Genomics: Using What We Know - Genetically Modified Plants and Animals

  • Concerns and Debates:
    • Will genetically modified plants and animals intermingle with natural varieties and cause harm to them?
    • Should food labels state whether the food contains genetically modified ingredients?
    • Might unrecognized harmful substances enter the food supply?
    • These hotly debated questions have led to the establishment of the Non-GMO Project, the goal of which is to offer consumers a non-GMO choice for organic and natural products.

Genomics: Using What We Know - Gene Therapy

  • Gene therapy is based on the premise that a disease-causing gene can be corrected or replaced by inserting a functional, healthy gene.
  • The most clear-cut expectations for gene therapy lie in treating monogenic diseases, those that result from defects of a single gene.
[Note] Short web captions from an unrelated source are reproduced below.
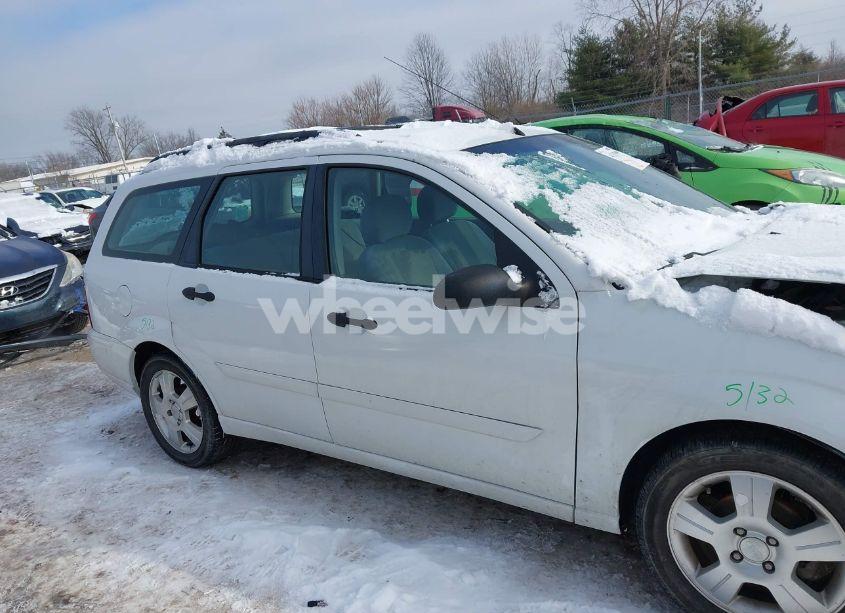 Photo 14 of 2004 Ford Focus ZTW (VIN 1FAFP35Z34W176001)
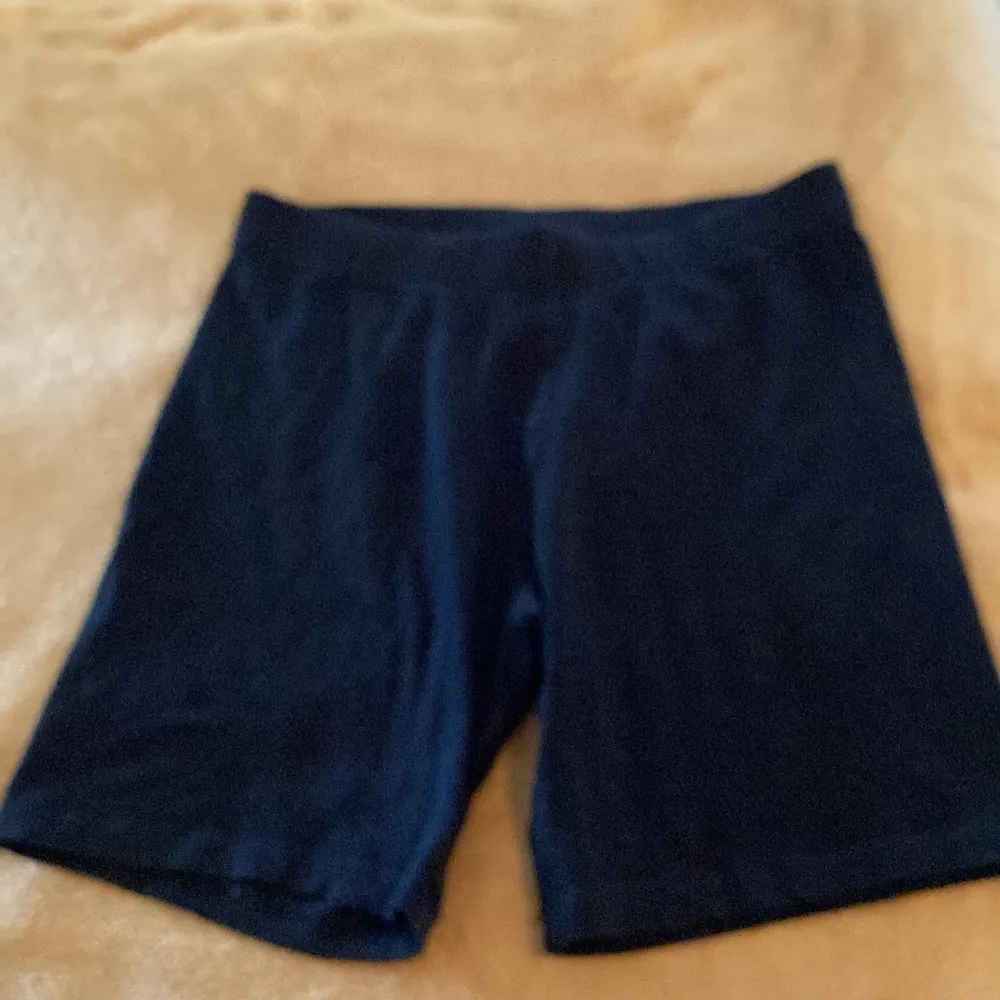 Två fina tighta shorts i storlek S.Endast  sparsamt använda förra sommaren. Paketpris 60kr!!!. Shorts.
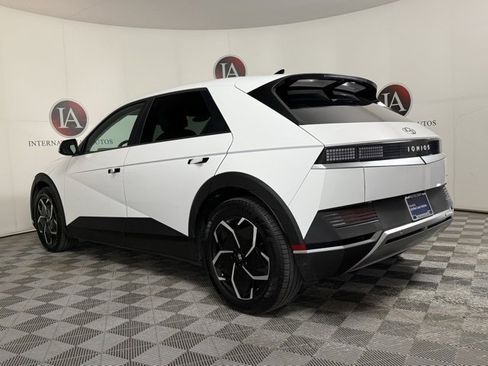 Certified 2023 Hyundai Ioniq 5 SEL w/ Cargo Package image 6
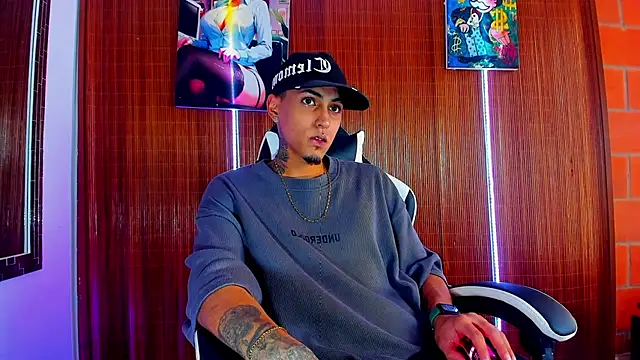 Liam lee online show from February 8, 6:11 pm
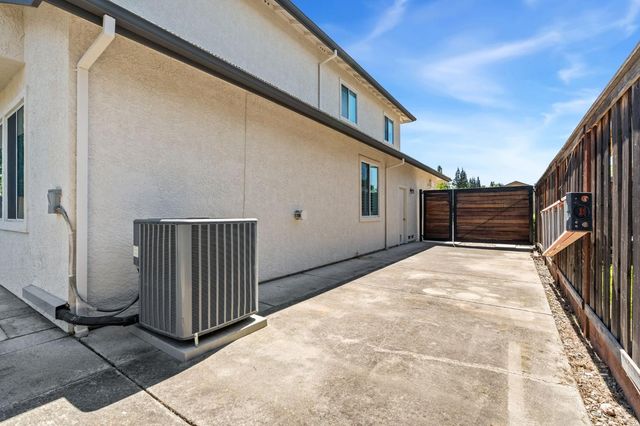 105 Foyle Ct, Folsom, CA 95630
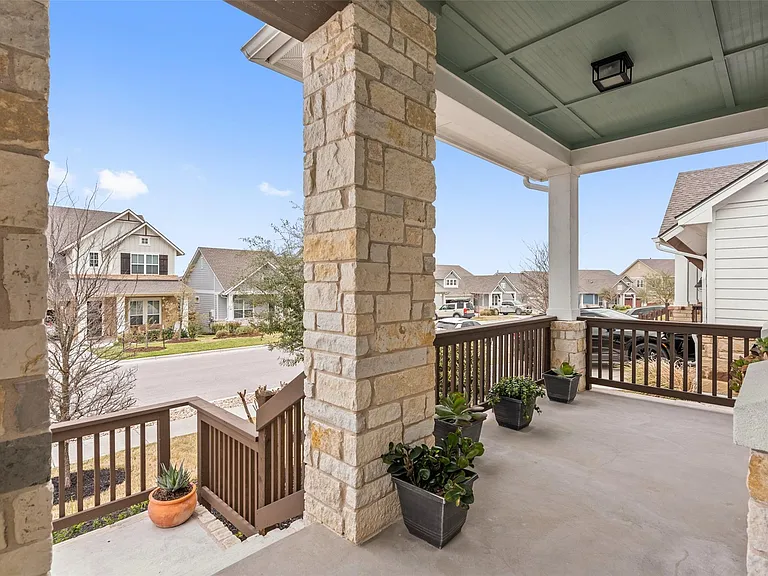 362 Dayridge Dr — Photo 4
Genomics: Using What We Know - Gene Therapy

  • The focus has been on using nonpathogenic viruses as vectors, the agents that deliver therapeutic quantities of DNA directly into cell nuclei.
  • The expectation was that this method could result in lifelong elimination of an inherited disease, and many studies have been undertaken.

Genomics: Using What We Know - Gene Therapy

  • Expectations remain greater than achievements thus far.
  • The Food and Drug Administration (FDA) has, as of 2014, not yet approved any human gene therapy product for sale.
  • Early vector was AAV, apparently caused an allergic reaction.
  • CRISPER-Cas-9 allows targeted modification of specific sequences in living cells.

FDA Considering CRISPR Therapy for Sickle Cell Disease

  • Average life expectancy with sickle cell disease: 45 years (compared to 77 in USA).
  • Sickle cell disease is caused by a single base change in the globin gene.
  • Proposed Treatment regimen:
    • Extract patient’s stem cells
    • Treat with CRISPR (targeted modification of the globin gene)
    • Return cells to patient
  • Test population: 40 patients, 39 “had no vaso-occlusive crisis” (blocked blood vessel).
  • Concern: Off target modification of the DNA => Benefit vs risk?

Genomics: Using What We Know - A Personal Genomic Survey

  • If a patient lacks an enzyme needed for a drug’s metabolism or has a monogenic defect, therapies could be individually tailored.
  • In cancer therapy, understanding the genetic differences between normal cells and tumor cells could assist in chemotherapy, immune cell therapy, and CAR-T cells.

Genomics: Using What We Know - A Personal Genomic Survey

  • Genetic screening of infants might permit the use of gene therapy to eliminate the threat of a monogenically based disease, or a lifestyle adjustment for an individual with SNPs that predict a susceptibility to a disease that results from combinations of genetic and environmental influences.

Genomics: Using What We Know - Bioethics

  • One area of major concern that has arisen from the genomics revolution is that of the ethical and social implications this groundbreaking work has brought to the fore.
  • The ELSI program of the National Human Genome Research Institute deals with the ethical, legal, and social implications of human genetic research.

Genomics: Using What We Know - Bioethics

  • The scope of ELSI is broad and thought-provoking, dealing with questions such as:
    • Who should have access to personal genetic information and how will it be used?
    • Who should own and control genetic information?
    • Should genetic testing be performed when no treatment is available?
    • Are disabilities diseases? Do they need to be cured or prevented?
    • Preliminary attempts at gene therapy are exorbitantly expensive. Who will have access to these therapies? Who will pay for their use?
    • Should we re-engineer the genes we pass on to our children?
    • Should we get every newborn’s full genetic sequence?